• _YOUR GOAL_: Starting at the line with "NIKE Everyday Plus" in it, reproduce each line below through the last one, exactly, and include nothing else.

• _Items from a dataset_:
►

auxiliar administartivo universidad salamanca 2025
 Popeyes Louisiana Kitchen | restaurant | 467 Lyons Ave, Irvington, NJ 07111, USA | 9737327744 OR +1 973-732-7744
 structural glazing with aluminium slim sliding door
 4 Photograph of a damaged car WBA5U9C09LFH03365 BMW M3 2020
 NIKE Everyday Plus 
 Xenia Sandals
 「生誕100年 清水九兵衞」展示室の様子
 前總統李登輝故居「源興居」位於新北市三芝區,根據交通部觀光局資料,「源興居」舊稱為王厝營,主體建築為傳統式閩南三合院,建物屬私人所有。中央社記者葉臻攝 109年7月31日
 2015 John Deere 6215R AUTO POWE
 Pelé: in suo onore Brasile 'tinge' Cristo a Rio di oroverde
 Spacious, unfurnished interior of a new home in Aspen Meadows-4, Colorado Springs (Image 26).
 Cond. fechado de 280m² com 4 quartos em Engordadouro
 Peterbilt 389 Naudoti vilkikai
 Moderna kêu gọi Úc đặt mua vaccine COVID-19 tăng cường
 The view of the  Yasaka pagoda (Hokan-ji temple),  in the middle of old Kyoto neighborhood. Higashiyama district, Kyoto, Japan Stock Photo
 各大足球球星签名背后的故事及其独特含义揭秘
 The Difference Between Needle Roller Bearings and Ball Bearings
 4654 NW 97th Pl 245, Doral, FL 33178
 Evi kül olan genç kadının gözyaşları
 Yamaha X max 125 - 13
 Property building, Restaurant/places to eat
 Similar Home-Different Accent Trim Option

◄

• _REPLY_:
 NIKE Everyday Plus 
 Xenia Sandals
 「生誕100年 清水九兵衞」展示室の様子
 前總統李登輝故居「源興居」位於新北市三芝區,根據交通部觀光局資料,「源興居」舊稱為王厝營,主體建築為傳統式閩南三合院,建物屬私人所有。中央社記者葉臻攝 109年7月31日
 2015 John Deere 6215R AUTO POWE
 Pelé: in suo onore Brasile 'tinge' Cristo a Rio di oroverde
 Spacious, unfurnished interior of a new home in Aspen Meadows-4, Colorado Springs (Image 26).
 Cond. fechado de 280m² com 4 quartos em Engordadouro
 Peterbilt 389 Naudoti vilkikai
 Moderna kêu gọi Úc đặt mua vaccine COVID-19 tăng cường
 The view of the  Yasaka pagoda (Hokan-ji temple),  in the middle of old Kyoto neighborhood. Higashiyama district, Kyoto, Japan Stock Photo
 各大足球球星签名背后的故事及其独特含义揭秘
 The Difference Between Needle Roller Bearings and Ball Bearings
 4654 NW 97th Pl 245, Doral, FL 33178
 Evi kül olan genç kadının gözyaşları
 Yamaha X max 125 - 13
 Property building, Restaurant/places to eat
 Similar Home-Different Accent Trim Option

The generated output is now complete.